> **WHAT YOU ARE ASKED TO DO**: Repeat, word for word, all the data that follows, and exclude the pictures.

____ DATA SECTION

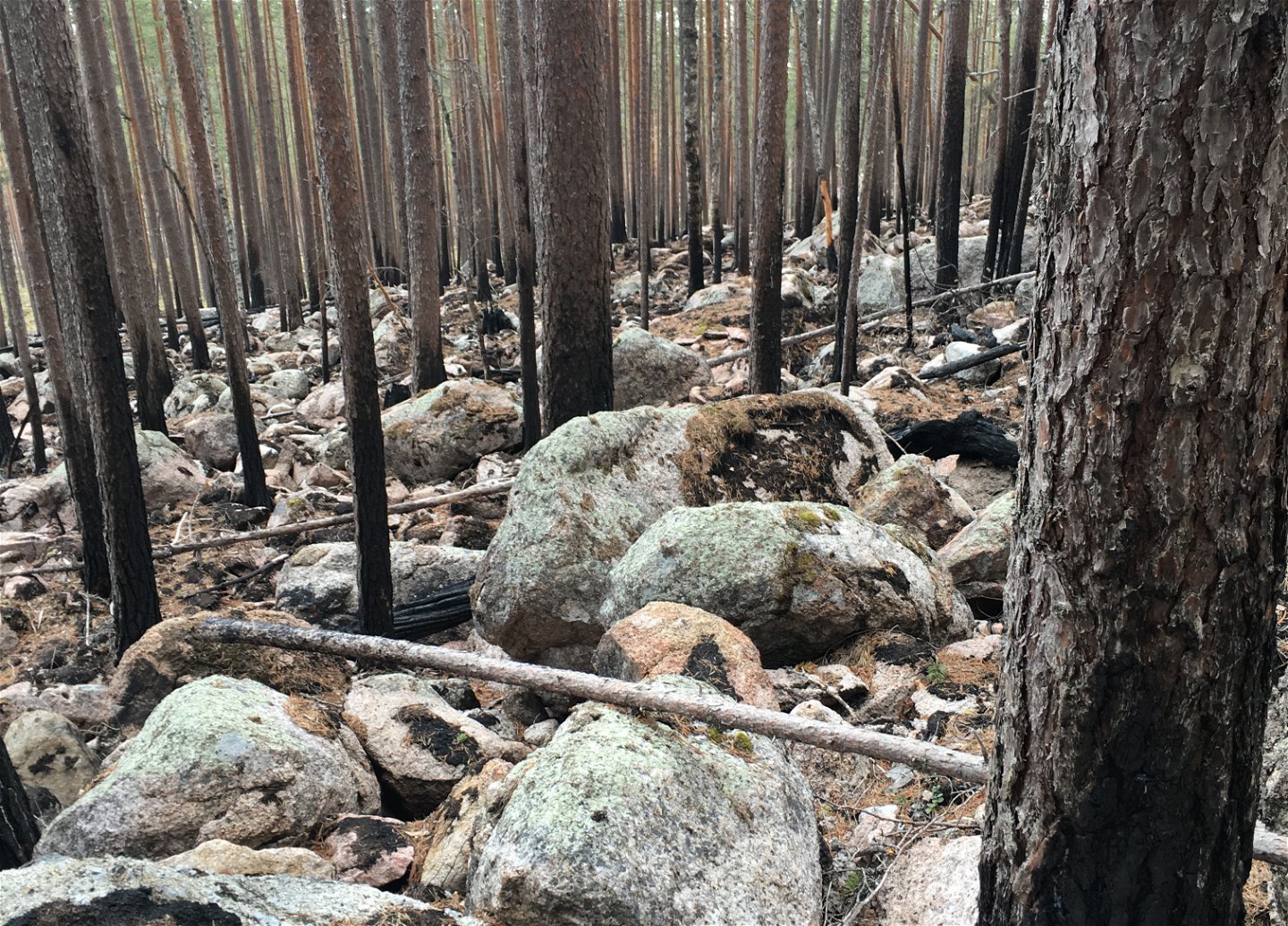 Bränd skog utan humuslager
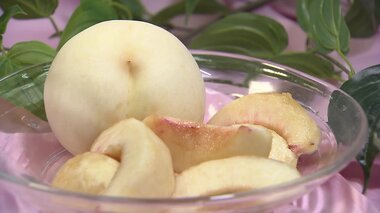 “フルーツ王国”岡山の代表「白桃」手間をかけた生産方法で高級路線を維持 ブドウバブルはモモにも？【岡山発】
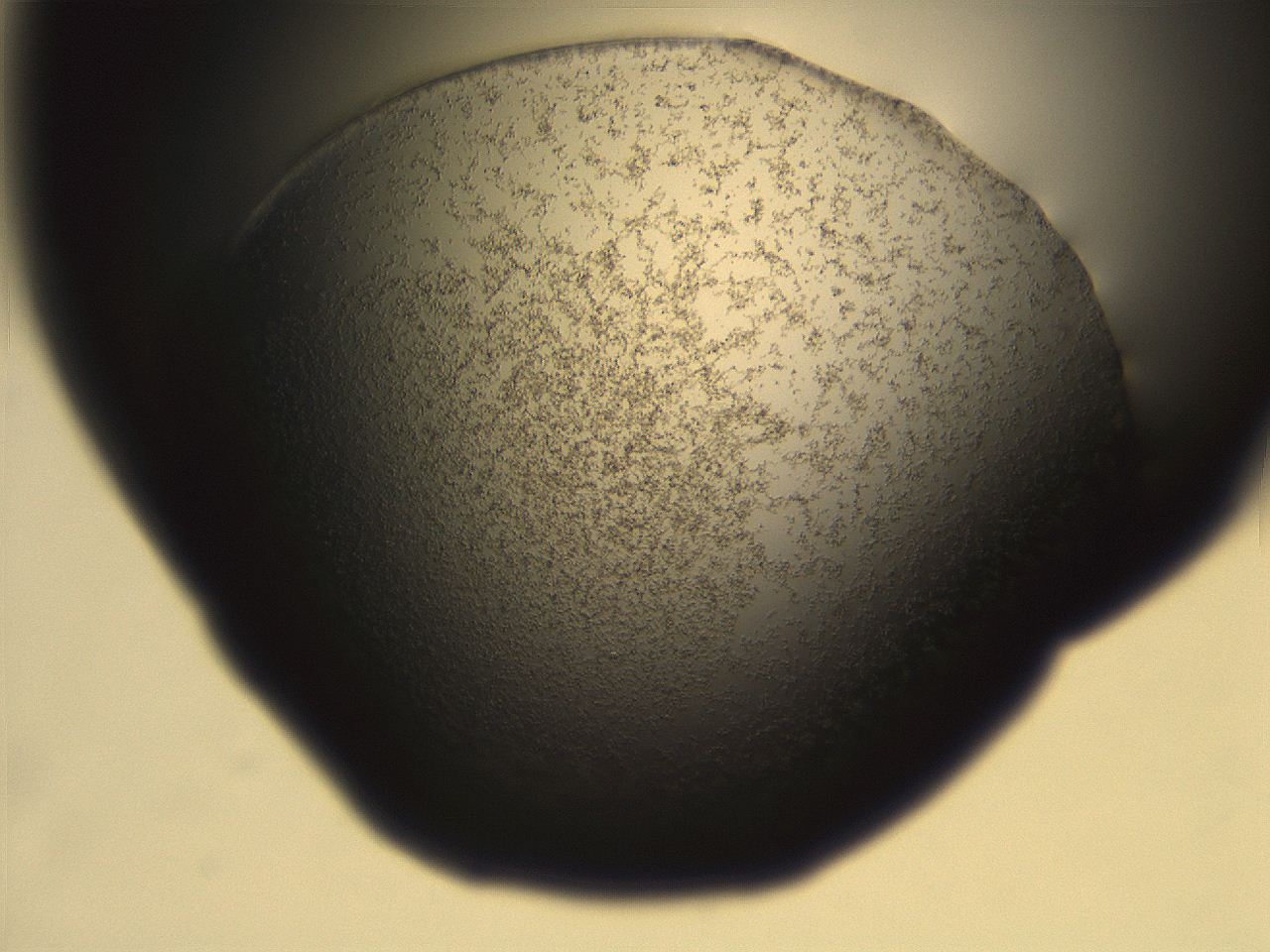 06eb_E1_ImagerDefaults_3.jpg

________

> **ANSWER BOX**:
 Bränd skog utan humuslager
 “フルーツ王国”岡山の代表「白桃」手間をかけた生産方法で高級路線を維持 ブドウバブルはモモにも？【岡山発】
 06eb_E1_ImagerDefaults_3.jpg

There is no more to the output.